─── Dataset content ───

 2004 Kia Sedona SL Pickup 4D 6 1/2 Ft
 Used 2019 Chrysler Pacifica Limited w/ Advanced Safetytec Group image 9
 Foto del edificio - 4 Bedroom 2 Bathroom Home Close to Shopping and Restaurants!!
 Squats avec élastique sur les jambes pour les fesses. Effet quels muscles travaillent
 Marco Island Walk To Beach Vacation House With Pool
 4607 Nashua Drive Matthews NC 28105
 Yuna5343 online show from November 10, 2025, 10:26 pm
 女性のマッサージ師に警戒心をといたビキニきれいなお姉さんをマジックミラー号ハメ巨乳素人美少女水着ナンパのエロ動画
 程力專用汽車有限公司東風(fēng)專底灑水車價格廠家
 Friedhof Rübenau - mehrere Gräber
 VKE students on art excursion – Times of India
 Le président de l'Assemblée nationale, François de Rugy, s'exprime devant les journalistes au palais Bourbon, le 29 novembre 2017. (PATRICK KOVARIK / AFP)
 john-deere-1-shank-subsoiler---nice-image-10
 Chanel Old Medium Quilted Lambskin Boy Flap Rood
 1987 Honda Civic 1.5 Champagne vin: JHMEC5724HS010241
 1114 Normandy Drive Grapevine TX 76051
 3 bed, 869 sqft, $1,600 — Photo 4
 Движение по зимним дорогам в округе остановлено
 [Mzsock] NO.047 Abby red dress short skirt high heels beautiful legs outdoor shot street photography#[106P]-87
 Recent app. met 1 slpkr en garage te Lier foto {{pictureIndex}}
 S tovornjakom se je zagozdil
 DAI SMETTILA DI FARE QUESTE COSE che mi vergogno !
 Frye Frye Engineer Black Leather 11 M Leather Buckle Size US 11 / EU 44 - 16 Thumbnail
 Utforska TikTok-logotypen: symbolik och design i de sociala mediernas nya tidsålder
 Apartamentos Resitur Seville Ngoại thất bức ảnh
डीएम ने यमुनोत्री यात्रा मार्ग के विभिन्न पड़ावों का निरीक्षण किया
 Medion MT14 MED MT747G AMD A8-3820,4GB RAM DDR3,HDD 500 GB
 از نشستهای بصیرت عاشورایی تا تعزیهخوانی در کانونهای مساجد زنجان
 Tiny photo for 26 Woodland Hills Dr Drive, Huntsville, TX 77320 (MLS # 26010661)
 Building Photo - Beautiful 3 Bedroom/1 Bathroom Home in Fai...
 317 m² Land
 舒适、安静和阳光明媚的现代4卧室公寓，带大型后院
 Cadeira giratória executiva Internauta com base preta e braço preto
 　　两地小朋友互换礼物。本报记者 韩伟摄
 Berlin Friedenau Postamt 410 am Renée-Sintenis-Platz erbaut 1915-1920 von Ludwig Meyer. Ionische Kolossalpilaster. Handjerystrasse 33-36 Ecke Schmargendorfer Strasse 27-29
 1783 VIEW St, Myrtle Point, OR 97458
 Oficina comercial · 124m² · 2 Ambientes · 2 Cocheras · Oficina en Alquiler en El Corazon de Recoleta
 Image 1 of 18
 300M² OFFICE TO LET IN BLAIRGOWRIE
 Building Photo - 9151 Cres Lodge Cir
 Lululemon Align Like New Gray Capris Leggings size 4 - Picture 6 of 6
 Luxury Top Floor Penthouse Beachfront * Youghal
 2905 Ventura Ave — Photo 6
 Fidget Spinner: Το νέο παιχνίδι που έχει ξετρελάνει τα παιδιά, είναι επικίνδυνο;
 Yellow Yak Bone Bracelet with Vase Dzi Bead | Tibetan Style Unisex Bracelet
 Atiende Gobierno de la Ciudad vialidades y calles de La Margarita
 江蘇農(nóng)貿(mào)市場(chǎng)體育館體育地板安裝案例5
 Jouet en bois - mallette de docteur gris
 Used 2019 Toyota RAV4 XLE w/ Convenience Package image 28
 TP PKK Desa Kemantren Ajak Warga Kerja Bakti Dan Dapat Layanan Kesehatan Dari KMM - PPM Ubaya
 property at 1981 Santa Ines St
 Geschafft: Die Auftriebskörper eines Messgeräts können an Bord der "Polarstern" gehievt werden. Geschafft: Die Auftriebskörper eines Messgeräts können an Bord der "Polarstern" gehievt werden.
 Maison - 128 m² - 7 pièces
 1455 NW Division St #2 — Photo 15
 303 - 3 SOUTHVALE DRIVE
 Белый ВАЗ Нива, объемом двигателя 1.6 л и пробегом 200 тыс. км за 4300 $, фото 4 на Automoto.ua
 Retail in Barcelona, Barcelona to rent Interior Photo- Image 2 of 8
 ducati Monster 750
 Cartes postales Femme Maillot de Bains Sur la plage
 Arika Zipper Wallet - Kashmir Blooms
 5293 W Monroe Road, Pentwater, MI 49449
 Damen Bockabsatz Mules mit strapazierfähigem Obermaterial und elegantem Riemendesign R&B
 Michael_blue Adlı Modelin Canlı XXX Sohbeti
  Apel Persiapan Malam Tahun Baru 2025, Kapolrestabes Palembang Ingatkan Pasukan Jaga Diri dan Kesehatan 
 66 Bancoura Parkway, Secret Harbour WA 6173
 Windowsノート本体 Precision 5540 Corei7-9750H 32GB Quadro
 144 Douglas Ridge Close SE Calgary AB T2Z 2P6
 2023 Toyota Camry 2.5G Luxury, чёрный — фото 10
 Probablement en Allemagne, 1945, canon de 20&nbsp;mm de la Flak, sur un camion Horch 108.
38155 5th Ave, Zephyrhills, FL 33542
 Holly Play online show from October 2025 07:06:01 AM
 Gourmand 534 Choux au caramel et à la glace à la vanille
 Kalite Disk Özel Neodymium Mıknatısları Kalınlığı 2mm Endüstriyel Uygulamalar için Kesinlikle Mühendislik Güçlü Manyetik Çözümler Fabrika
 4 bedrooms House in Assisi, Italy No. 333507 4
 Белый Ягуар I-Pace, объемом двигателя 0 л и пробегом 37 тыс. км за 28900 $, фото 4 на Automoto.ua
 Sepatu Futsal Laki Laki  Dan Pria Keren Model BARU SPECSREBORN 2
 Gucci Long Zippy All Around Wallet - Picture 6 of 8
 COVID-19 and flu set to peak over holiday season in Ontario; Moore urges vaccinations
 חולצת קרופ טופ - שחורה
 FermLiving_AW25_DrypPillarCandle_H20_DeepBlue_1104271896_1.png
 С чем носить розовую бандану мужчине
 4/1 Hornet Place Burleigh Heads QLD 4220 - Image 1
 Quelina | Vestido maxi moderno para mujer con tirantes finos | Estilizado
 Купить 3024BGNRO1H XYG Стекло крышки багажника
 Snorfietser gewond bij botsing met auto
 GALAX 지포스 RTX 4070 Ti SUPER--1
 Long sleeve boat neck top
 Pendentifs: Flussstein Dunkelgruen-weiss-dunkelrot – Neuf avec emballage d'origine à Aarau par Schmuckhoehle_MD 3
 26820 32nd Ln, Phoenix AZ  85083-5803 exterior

───

▶ [Your goal]
Please give an exact copy of the entries above, from the line with "Atiende Gobierno de" down to the line with "Michael_blue Adlı Modelin Canlı XXX Sohbeti", inclusive, and nothing else.

▶ [Task output]
 Atiende Gobierno de la Ciudad vialidades y calles de La Margarita
 江蘇農(nóng)貿(mào)市場(chǎng)體育館體育地板安裝案例5
 Jouet en bois - mallette de docteur gris
 Used 2019 Toyota RAV4 XLE w/ Convenience Package image 28
 TP PKK Desa Kemantren Ajak Warga Kerja Bakti Dan Dapat Layanan Kesehatan Dari KMM - PPM Ubaya
 property at 1981 Santa Ines St
 Geschafft: Die Auftriebskörper eines Messgeräts können an Bord der "Polarstern" gehievt werden. Geschafft: Die Auftriebskörper eines Messgeräts können an Bord der "Polarstern" gehievt werden.
 Maison - 128 m² - 7 pièces
 1455 NW Division St #2 — Photo 15
 303 - 3 SOUTHVALE DRIVE
 Белый ВАЗ Нива, объемом двигателя 1.6 л и пробегом 200 тыс. км за 4300 $, фото 4 на Automoto.ua
 Retail in Barcelona, Barcelona to rent Interior Photo- Image 2 of 8
 ducati Monster 750
 Cartes postales Femme Maillot de Bains Sur la plage
 Arika Zipper Wallet - Kashmir Blooms
 5293 W Monroe Road, Pentwater, MI 49449
 Damen Bockabsatz Mules mit strapazierfähigem Obermaterial und elegantem Riemendesign R&B
 Michael_blue Adlı Modelin Canlı XXX Sohbeti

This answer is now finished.